What works early on is the establishment of characters you care about. None of these three is much more than a cliche, really, but they’re given good beats to play off of and even Matt and Steve, easy to peg as assholes, are nuanced and likable. Matt’s front of intellectualism falls fairly quickly when he runs into the girl he’s had a crush on for years. Steve isn’t a bully, he just travels in a wildly different social circle, one Andrew always just assumed was full of bad guys due to how excluded he felt from it. And when the three of them come together to spend much of the middle part of the movie exploring and expanding their powers, it contains within it much of the joy of discovery and power fantasy fun of similar scenes in Superman or Spider-Man. When they race each other to assemble LEGO with their mind, or finally discover they can take to the air with stumbling leaps and crashes, it’s full of small touches that make it feel relatable and warm in a human way. It’s nothing new, but it’s shown to us in the right way, not simply told as a matter of course.
Eventually it starts to go bad. Andrew has a rise and fall as the other two conspire to use their powers to get him popular and try to integrate him into the society he felt so marginalized by. Unfortunately, for every step forward something happens to spoil it, and that combined with his mother’s final fatal decline and his father’s continual harassment pushes Andrew into a darker place. We watch as he becomes increasingly powerful, increasingly reliant on his powers, and begins to use them to lash out. At first it’s just accidents, but quickly it becomes retaliation against those who wrong him, and grows ever more sinister from there. There’s a scene where Andrew explains his position, talking about the idea of apex predators at the top of food chains and how that absolves him of any sense of moral obligation, that is genuinely chilling not just from how bad you know everything is going to go, but from how much you really don’t want to see Andrew go down this path. We’ve followed him along to this point, and he’s been the most sympathetic character, but he makes a choice that we can’t follow him down, and that’s the key to good tragedy.
Eventually it morphs into a battle of friends having to stop a friend from doing what they know to be wrong, and it takes the idea of superheroes and supervillains and grounds it so firmly in the world we understand that it makes the broader tragedy, the kind of hero/villain dichotomy from your Spider-Mans or X-Men and grounds it straight into the world we understand. It helps turn what is so often arch into the intimate result of what happens when friends fall out and teenage impulse leads to bad choices with magnified disastrous results as the friends engage in a Seattle-destroying battle that is part Superman part Akira, but ultimately more an emotional conflict than an action one.
Which brings us to the thing that might be the most controversial part of the movie: the found footage.

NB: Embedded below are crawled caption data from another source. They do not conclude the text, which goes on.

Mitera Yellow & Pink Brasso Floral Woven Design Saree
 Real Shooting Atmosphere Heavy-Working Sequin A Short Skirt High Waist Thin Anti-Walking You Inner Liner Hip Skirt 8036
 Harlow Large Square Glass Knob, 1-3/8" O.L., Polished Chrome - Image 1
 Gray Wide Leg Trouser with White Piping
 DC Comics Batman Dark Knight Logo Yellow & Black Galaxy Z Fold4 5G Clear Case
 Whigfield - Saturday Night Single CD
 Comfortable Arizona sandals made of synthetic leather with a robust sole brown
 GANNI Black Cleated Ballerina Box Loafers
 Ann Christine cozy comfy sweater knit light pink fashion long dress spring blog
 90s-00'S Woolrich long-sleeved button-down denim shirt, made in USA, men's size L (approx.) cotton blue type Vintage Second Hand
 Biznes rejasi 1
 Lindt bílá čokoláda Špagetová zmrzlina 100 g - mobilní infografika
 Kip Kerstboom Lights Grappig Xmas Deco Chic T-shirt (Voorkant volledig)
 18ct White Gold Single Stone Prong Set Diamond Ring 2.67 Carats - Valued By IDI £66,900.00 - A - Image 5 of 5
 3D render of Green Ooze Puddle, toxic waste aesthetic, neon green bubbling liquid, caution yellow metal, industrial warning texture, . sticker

This is the year it seems like most low budget features are going to choose found footage as their mode of storytelling, and this movie definitely goes further than most in establishing the world. It’s less ‘here’s a tape we found’ and instead a collage of dozens of video sources, most of them from Andrew’s camera but augmented with news cameras, CCTV security footage, cell phones, and more. For the most part it’s filmed by Andrew, who starts out with an old film camera that quickly gets broken and replaces it once he has his powers with an HD camera he ends up spending most of the movie manipulating with his telekinesis. Which allows it to mostly avoid all the shakey-cam, missing-filmmaker conventions of the genre, as the camera swoops around Andrew and settles into very cinematic angles.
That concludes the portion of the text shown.